Physical therapy started with stretching and strength training, then moved up to jumping and landing exercises. Under the guidance of the physical therapist and athletic trainers, Sabol advanced quickly. By early February, he was jogging and working on lateral movements. By mid-February, he was shooting baskets and participating in some drills. By Feb. 29, he was taking part in scrimmages as Emmaus prepared for the state playoffs.
“He begged us to let him play in the playoffs,” Zellner says. “We had to prove to him he wasn’t ready. The last thing we wanted was a re-injury.”
Planning his comeback
Zach formally finished rehab in the spring. He started playing some Amateur Athletic Union (AAU) basketball with a regional team based in York, and then began training to play tight end on the 2016 Emmaus football team.
“What remained was the mental challenge of a 15-year-old putting all this behind him,” says Matt Sabol, Zach’s father. “It was almost 30 years to the day of his injury that I blew out my knee in that same gym. I think my experience helped him to embrace his adversity, which in the end would make him mentally stronger. We talked a lot about that.”
The younger Sabol was eager to make up for lost time. “I knew basketball was my future,” he says. “Mostly, it just felt really good to be back.”
In his sophomore season, Sabol became starting center on Emmaus’ varsity basketball squad.

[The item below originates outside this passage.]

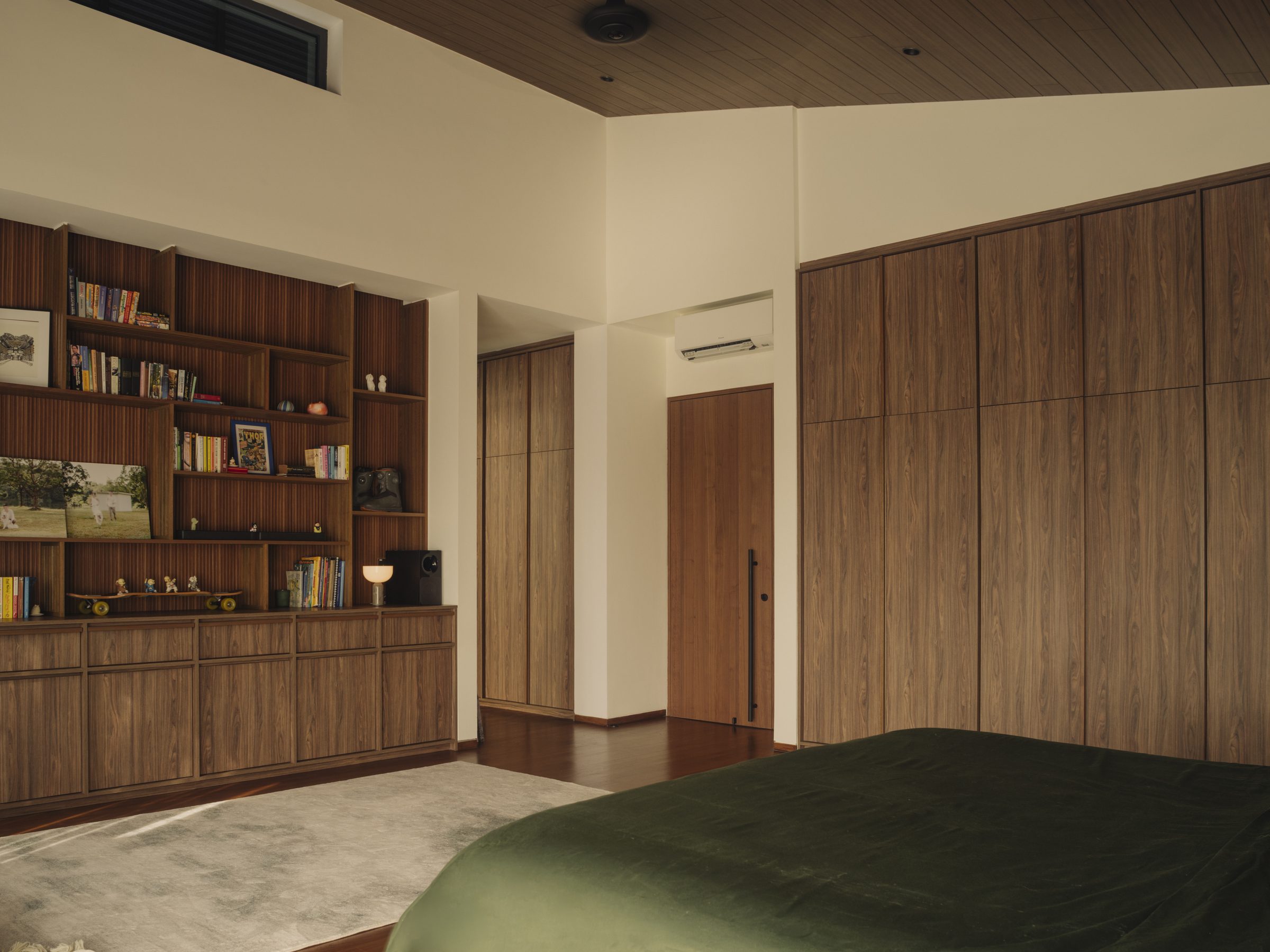 Bedroom with a run of bookshelves and joinery wall facing the bed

In a game against Allen High School the following year, he landed wrong on his left foot and sustained another injury—a syndesmotic or high ankle sprain, which is one of the most potentially serious and common basketball injuries there is.
“This is not a garden-variety sprain because it’s above the ankle in the ligament connecting the leg’s tibia and fibula bones,” says Gabe Lewullis, MD, orthopedic surgeon with LVPG Orthopedics and Sports Medicine. “Some cases require surgery; fortunately Zach’s didn’t.”

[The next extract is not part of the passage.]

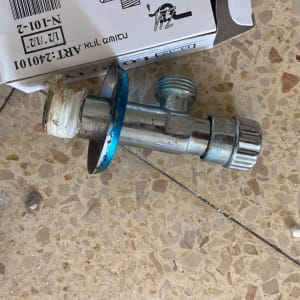 ברז זוויתי מונח על רצפה ליד קופסה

Still, the injury once again sidelined Sabol. He wore a walking boot to immobilize damaged tissues and worked with LVHN’s Emmaus-based trainers to heal.
“I played college and professional basketball and knew what he was going through,” Lewullis says. “As a physician I wanted to make sure he recovered safely from his injury but as a basketball player I understood his desire to compete on the court.”
Sabol dedicated himself to three weeks of daily exercise sessions to ensure a speedy recovery. “I was out about five games but made it back before district playoffs,” he says. “In state playoffs, we made it to the elite 8 and were ranked fifth in the state at the end of the year. The team did really well.”
Both his right leg and left ankle now feel completely normal but Sabol takes nothing for granted. “I’ve continued exercising for them,” he says. “That’s even more important after an injury to keep strong so you don’t end up right back where you started. Exercise is crucial to me.”